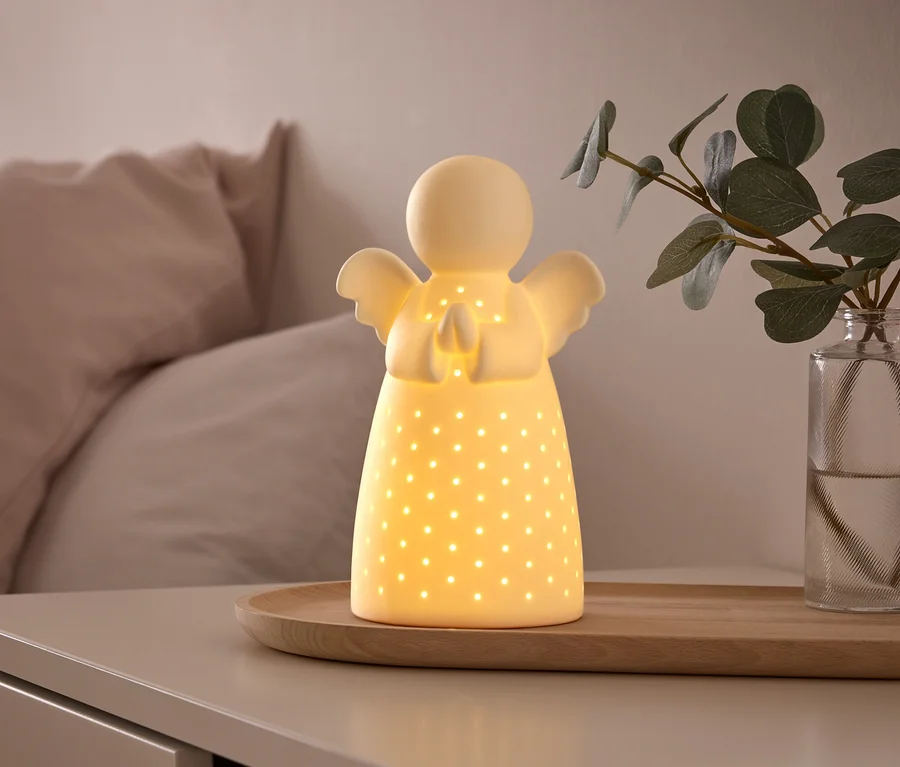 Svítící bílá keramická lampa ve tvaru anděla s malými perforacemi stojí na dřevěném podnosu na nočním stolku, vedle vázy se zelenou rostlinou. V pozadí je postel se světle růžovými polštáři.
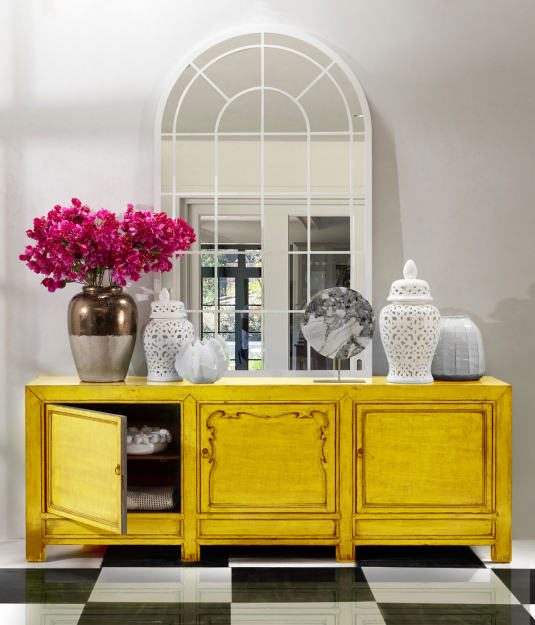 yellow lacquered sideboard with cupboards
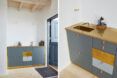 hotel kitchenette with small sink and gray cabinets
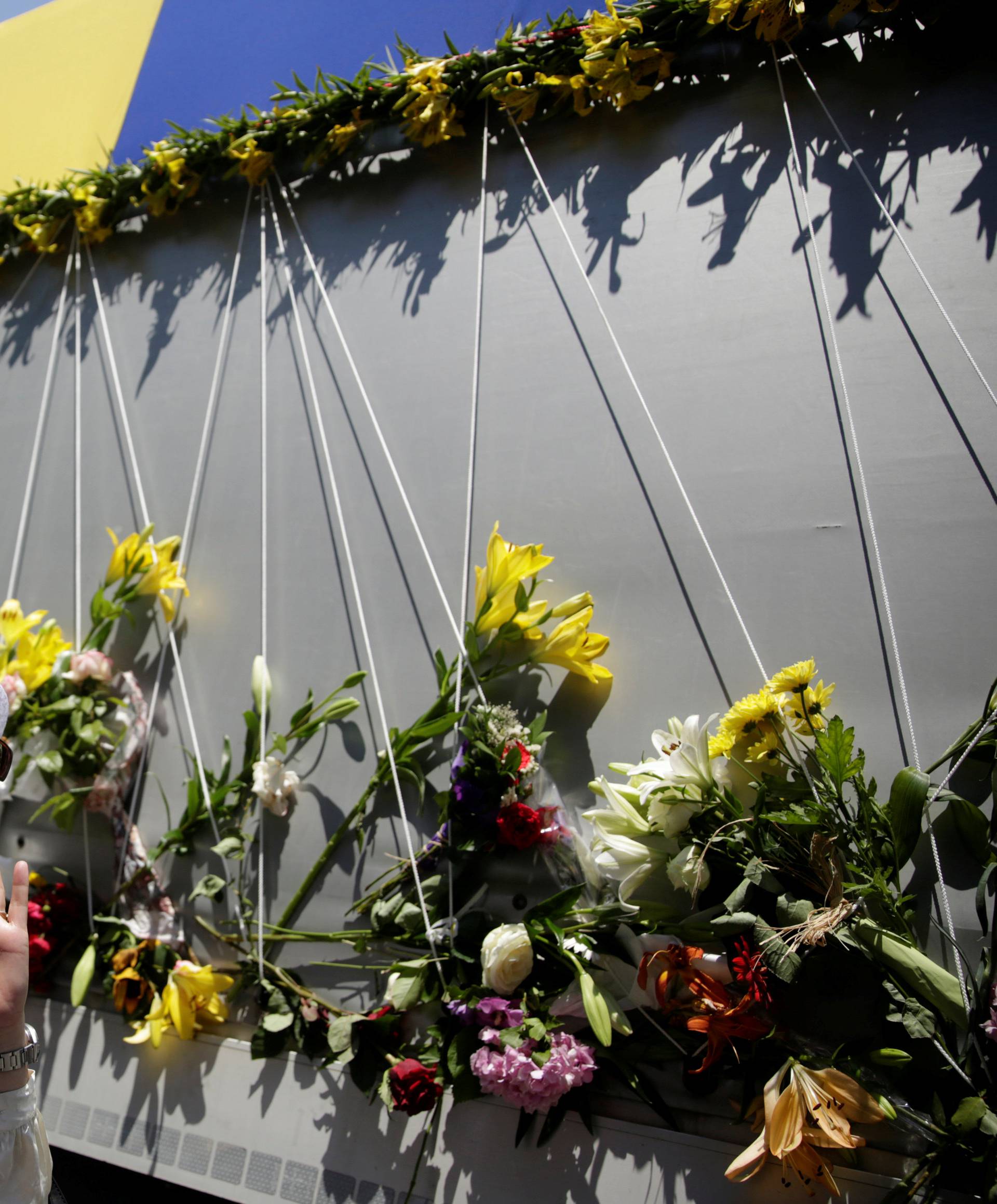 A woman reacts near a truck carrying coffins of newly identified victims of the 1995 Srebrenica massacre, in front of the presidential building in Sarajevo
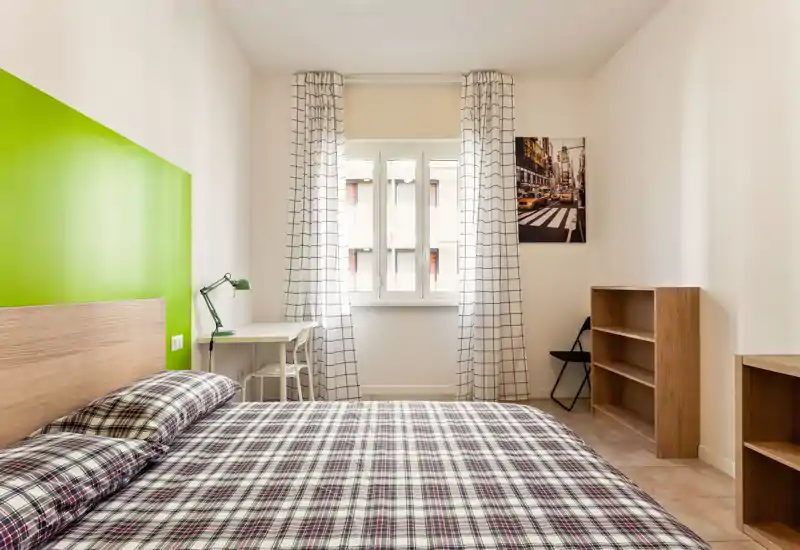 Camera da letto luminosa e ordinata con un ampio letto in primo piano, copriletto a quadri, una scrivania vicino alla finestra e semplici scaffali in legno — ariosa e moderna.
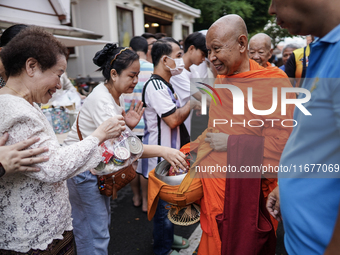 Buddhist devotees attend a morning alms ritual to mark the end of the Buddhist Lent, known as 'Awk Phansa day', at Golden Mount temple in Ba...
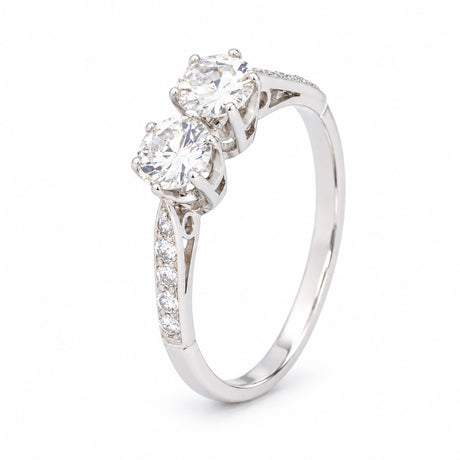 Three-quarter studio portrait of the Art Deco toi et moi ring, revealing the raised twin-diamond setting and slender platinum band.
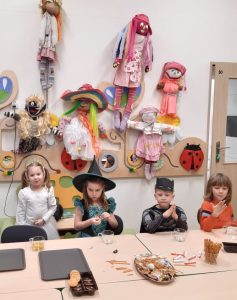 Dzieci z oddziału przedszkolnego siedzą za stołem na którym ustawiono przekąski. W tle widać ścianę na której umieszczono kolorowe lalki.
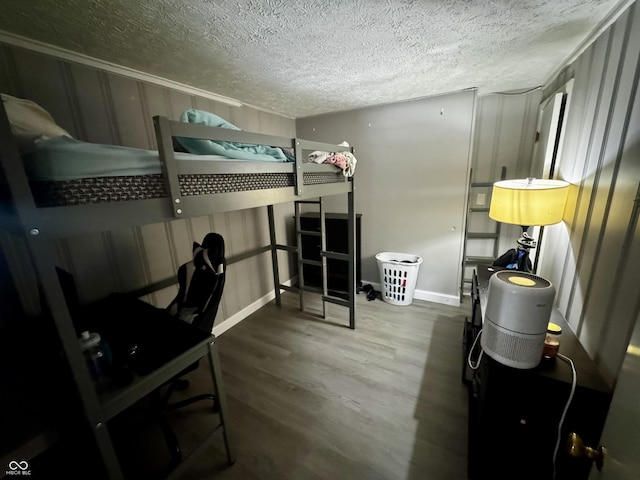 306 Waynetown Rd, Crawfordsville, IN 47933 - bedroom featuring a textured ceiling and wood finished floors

:::

Task instructions:
Nothing but the lines from the line containing "yellow lacquered sideboard with cupboards" through the last line of the records above is to be extracted, exactly and with no pictures.

Written answer:
 yellow lacquered sideboard with cupboards
 hotel kitchenette with small sink and gray cabinets
 A woman reacts near a truck carrying coffins of newly identified victims of the 1995 Srebrenica massacre, in front of the presidential building in Sarajevo
 Camera da letto luminosa e ordinata con un ampio letto in primo piano, copriletto a quadri, una scrivania vicino alla finestra e semplici scaffali in legno — ariosa e moderna.
 Buddhist devotees attend a morning alms ritual to mark the end of the Buddhist Lent, known as 'Awk Phansa day', at Golden Mount temple in Ba...
 Three-quarter studio portrait of the Art Deco toi et moi ring, revealing the raised twin-diamond setting and slender platinum band.
 Dzieci z oddziału przedszkolnego siedzą za stołem na którym ustawiono przekąski. W tle widać ścianę na której umieszczono kolorowe lalki.
 306 Waynetown Rd, Crawfordsville, IN 47933 - bedroom featuring a textured ceiling and wood finished floors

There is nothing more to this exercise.